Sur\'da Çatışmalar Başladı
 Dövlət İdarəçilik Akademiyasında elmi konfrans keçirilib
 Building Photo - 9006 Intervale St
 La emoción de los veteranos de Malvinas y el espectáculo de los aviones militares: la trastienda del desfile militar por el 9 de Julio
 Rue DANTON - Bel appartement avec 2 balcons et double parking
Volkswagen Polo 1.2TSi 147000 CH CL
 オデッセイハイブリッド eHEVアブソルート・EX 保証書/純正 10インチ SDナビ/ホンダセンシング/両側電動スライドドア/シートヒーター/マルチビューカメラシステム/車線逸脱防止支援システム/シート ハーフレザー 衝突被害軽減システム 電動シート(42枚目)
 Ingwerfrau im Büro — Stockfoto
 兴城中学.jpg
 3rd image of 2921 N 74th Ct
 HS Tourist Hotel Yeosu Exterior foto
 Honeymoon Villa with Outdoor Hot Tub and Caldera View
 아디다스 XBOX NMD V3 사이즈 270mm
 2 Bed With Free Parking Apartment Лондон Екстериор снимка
- - -
* **WHAT TO PRODUCE**
Once the line containing "아디다스 XBOX NMD V3 사이즈 270mm" is found, please retype it and every remaining line of the listing above, exactly, with nothing else.

* **EXERCISE RESULT**
 아디다스 XBOX NMD V3 사이즈 270mm
 2 Bed With Free Parking Apartment Лондон Екстериор снимка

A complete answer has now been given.